DevOps with Jenkins X at Mentor Medier

Christoffer Vig
4 min readApr 5, 2020

The Scandinavian media publishing group Mentor Medier is in the process of replacing its old publishing solution (for digital content), in favor of Arc publishing, which is the publishing solution used and owned by the Washington Post.

Digital factory

Over the past two years, CoWork has assisted Mentor Medier with strategic IT management to lift the organization’s digital maturity. We have introduced a concept we call the Digital factory: Task control, focus on code quality, DevOps — development for operations — security and stability.

Due to the measured impact of implementing the Digital factory, Mentor Medier commissioned technical assistance with the migration process to CoWork. The tasks include migration of old content, training for new work processes, integration with existing systems, and new payment flows.

For the migration project, we could have chosen to continue using the existing CI/CD pipeline based on Jenkins. Instead, we decided Jenkins X.

Jenkins (without X) is probably the world’s most used code deployment tool. It has a long history and numerous plugins and add-ons that make it very flexible.

Jenkins X (with X), on the other hand, is a whole new product, based on the experience of developing and using Jenkins. While Jenkins is a workhorse that can do almost anything, Jenkins X offers an opinionated view of what is the best practice for development and deployment on Kubernetes.

Why Kubernetes?

So Kubernetes is a big difference.

So — why Kubernetes? Kubernetes is an open-source tool for managing IT systems. It has a large user base, and its open architecture has led to the development of a whole ecosystem of associated components.

By using Kubernetes, you can automate infrastructure setup — scaling of services, using separate environments for test, QA, production, etc. Kubernetes enables infrastructure as code — and code allows version control. Version control systems keep track of all changes, and we can easily roll out the entire environment if needed. Not least — Kubernetes is an abstraction over physical hardware, so our Kubernetes configuration is not related to a particular type of hardware or cloud service provider. We can move the entire system to another cloud provider, or — if we have to — run everything in our own private data center in the garage.

By automating time-consuming operation and development of IT systems, Kubernetes has enabled entirely new ways of working. It is easy to develop and roll out new services; it is easier to test, easier to roll back, easier to make mistakes, and not least, it is easier to correct errors. That’s why Kubernetes is one of the driving forces behind one of the recent IT revolutions, microservices.

DevOps best practices with Jenkins X

The Accelerate book documents research on what capabilities make IT projects succeed.

The main features are:

  • Version control — everything is stored in git.
  • Automated and continuous code deployment
  • Loosely coupled architecture
  • Testing of independent components
  • Components are published independently
  • The team makes its own technological choices (programming language, database, etc.)

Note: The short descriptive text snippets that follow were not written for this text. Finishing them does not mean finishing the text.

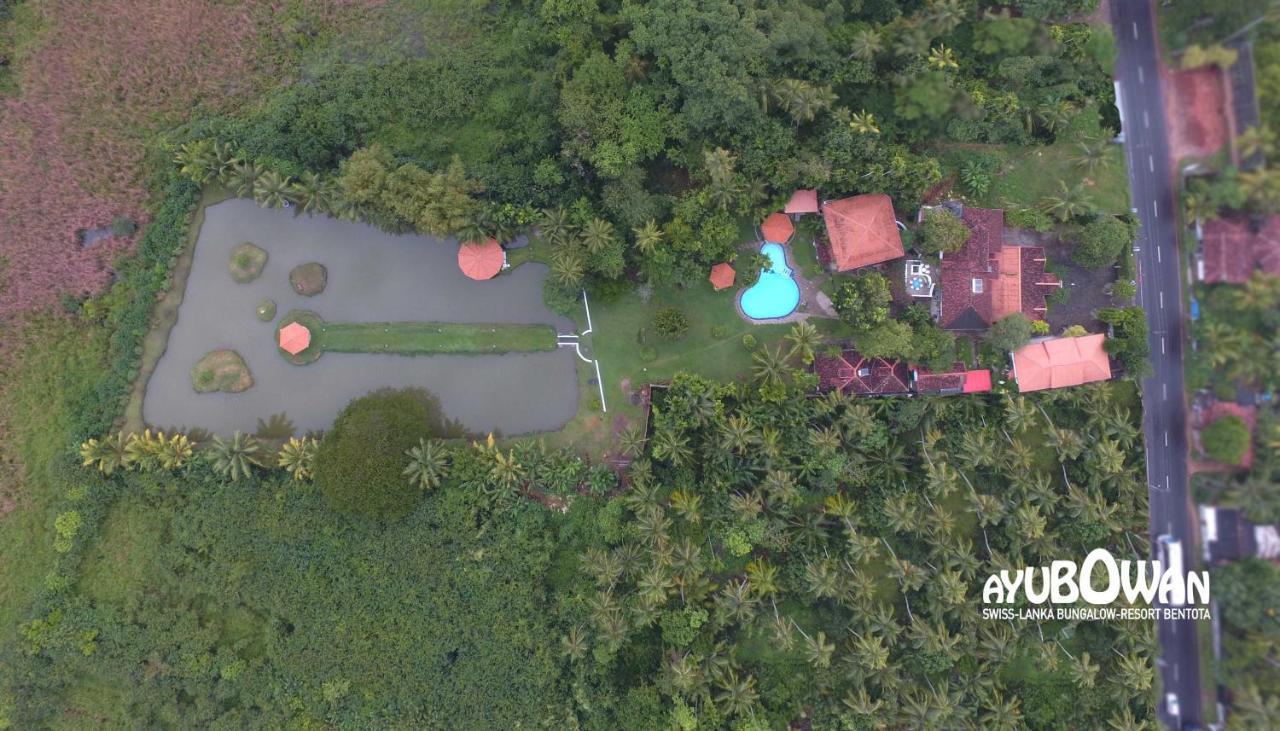 Ayubowan Swiss Lanka Bungalow Resort Bentota Ngoại thất bức ảnh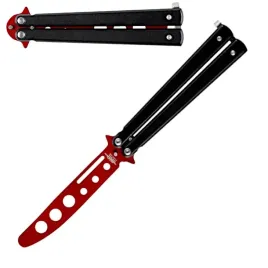butterfly-noz-motylkowy-treningowy-skladany-joker-black-red-balisong-jkr830
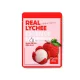 Farmstay Real Essence Maske 10 Blätter Lychee Koreanische Hautpflege-Maske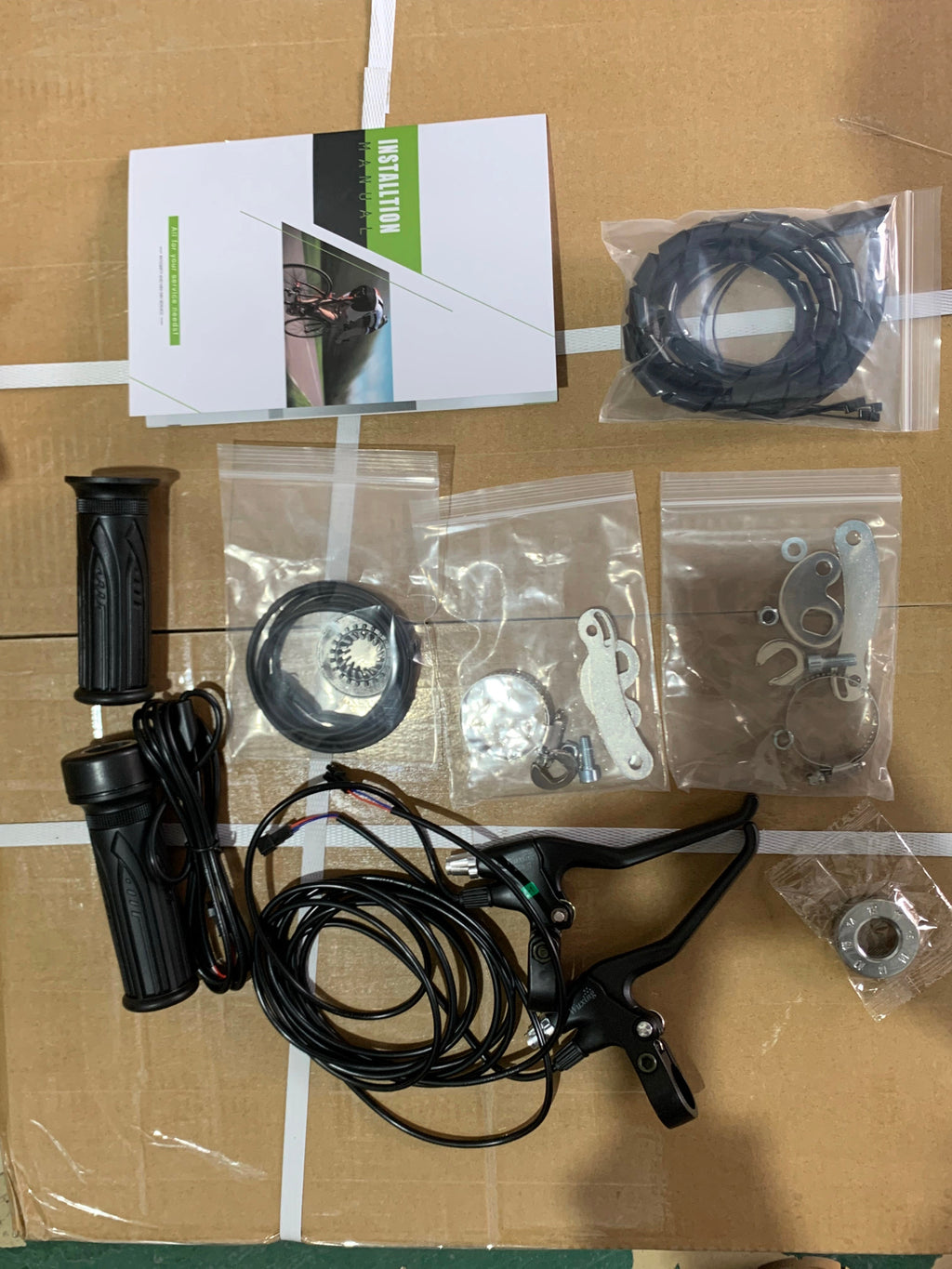 2000w 52v Conversion kit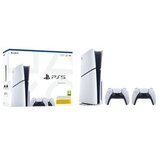 Sony Konzola PlayStation 5 1TB Slim + DualSense White | Eponuda.com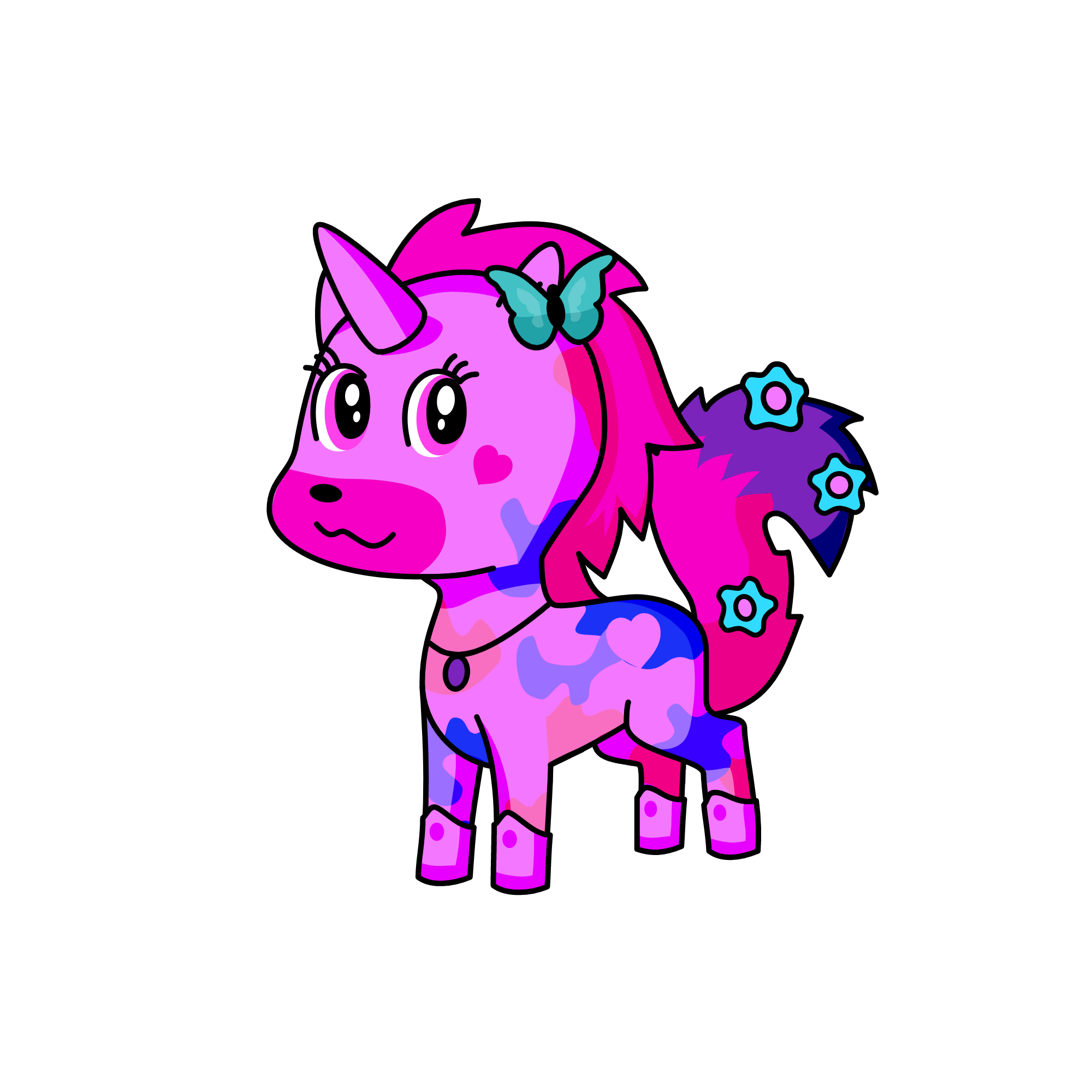 tracy, the unicorn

Jenkins X allows us to build practices close to what the Accelerate book recommends. With Jenkins X, GitOps is a central concept, using source control as the single source of truth, storing application code as well as all configuration. When a developer is ready to publish a new feature, they have to create a pull request in git. A pull request document all code changes, and once Jenkins X detects a new pull request, it starts to build and test the code. Another team member must review and approve code changes before deployment is possible. GitOps enables documentation and knowledge sharing within the team and is an integral part of accomplishing the Accelerate ideals.

In the Mentor migration project, we use a mixture of Java, Python, and Javascript components. Jenkins X offers packages for different programming languages ​​in Kubernetes, so in most cases, you can run a simple command to import existing code into Kubernetes and Jenkins X. In “old” Jenkins, a Jenkins file defines the build process. Jenkins X uses a similar Jenkins-x.yml file to define the Tekton pipeline. Tekton pipelines are Kubernetes native, running on-demand (so-called “serverless”). Tekton can run in parallel and uses little resources, which is the total opposite of old Jenkins (without X), which is a continuously running web application, with high resource requirements.

Jenkins X is built for and on Kubernetes, which makes the entire Kubernetes ecosystem available to extend the solution with the components we need. In our installation of Jenkins X, we added filebeat and metricbeat, to provide observability of logs and metrics in Elasticsearch and Kibana. We use SonarQube to provide static code quality checks as part of our regular build pipelines.

Jenkins X at Mentor Medier has contributed to:

  • Continous code deployment
  • Automated tests reduce the number of bugs
  • Easy and fast deployment
  • Easy environment setup- QA, prod, and various
  • stability
  • scalability
  • best practices DevOps methods (Accelerate)

A prerequisite for DevOps practices is to create a culture for sharing and collaborating. Mentor Medier, in cooperation with CoWork, had already taken the necessary steps to create a DevOps culture. Jenkins X provided the toolset we needed to develop microservices on Kubernetes, without having to spend years learning the intricacies of the Kubernetes API.